If she had asked me, I would have told her to discuss with her husband that their daughter is an adult and has to make her own decisions about her relationships, and to get over the fact that their daughter is also a sexual being and is likely going to have sex (or is having sex.) That is probably his real issue, along with perhaps what many adoptive parents have an issue with; fearing their child will no longer honor them as parents. If they were good parents, and their daughter is a good person, this will not be a problem. If their daughter is rotten, they would be better off with less contact anyway.

From the response given by Latis…

First of all, I can understand why you’re finding it disturbing to read about genetic sexual attraction—all inappropriate sexual activity or relationships are disturbing to read about!

Shall we determine whether or not your sex life is inappropriate, Latis?

From the response given by Artemis…

I think we can alleviate some of your husband’s fears about genetic sexual attraction. While it has happened, it is rare, and not really something for anyone going into reunion to worry about.

GSA is not rare. Conservative estimates have one person experiencing GSA in 25% of reunions. Of course, it takes at least two to tango.
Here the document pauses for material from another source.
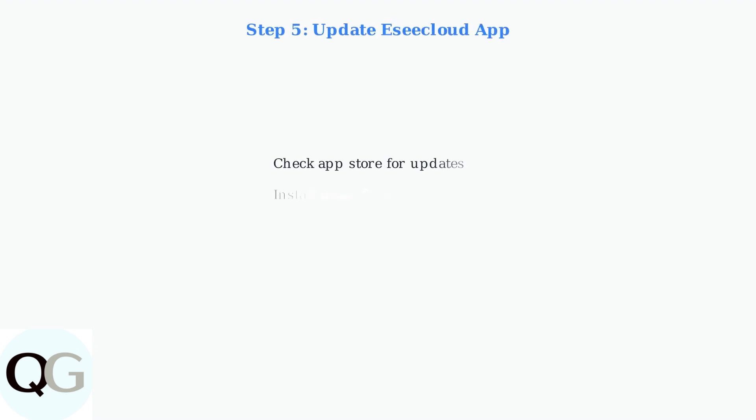Keep the EC Cloud app updated to the latest version. App-related issues are often resolved with regular updates that fix bugs and improve compatibility.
But it happens often enough that it should not be something that is minimized or ignored by a reunion blog.

It is form of incest, no more common in normal reunions than incest is in normal families that have remained together.

Again, consanguineous sexual activity is not uncommon.

It is unfortunate a few sensational and shocking cases have garnered so much publicity, and that some people misinterpret fleeting thoughts and impulses as something dangerous and twisted.

GSA isn’t twisted, but it isn’t just fleeting thoughts or impulses, either. The response then goes on to disrespect Barbara Gonyo.

I have been involved for many years in support groups around reunion, and have never personally met anyone for whom this was a real problem.

You haven’t met someone who told you. And why would they? You don’t sound very helpful about this issue. For help, people can go to places like this blog or the GSA forum.

GSA is real and can be a problem in the following situations:

1. One person in a reunion is experiencing it, and another isn’t. Isn’t it always problematic when two people are interacting and one is intensely attracted to the other, but the other isn’t attracted in kind?

2. The feelings are mutual, but reunited do not want to act on it. There are many reasons they may not want to act on their mutual attraction. Maybe they simply don’t want to “go there,” or go there anymore. Maybe they are feeling the external pressures not to go there. Maybe at least one of them is in a closed relationship.

3. They’re not going there, but others, such as a spouse, are sill hurt, upset, or worried or not understanding.

Bullying and discriminatory laws only make the situation worse. Adults who want to be together should have that right. Those who want help to deal with their feelings should be able to ask for it and get it, not dismissals and slurs.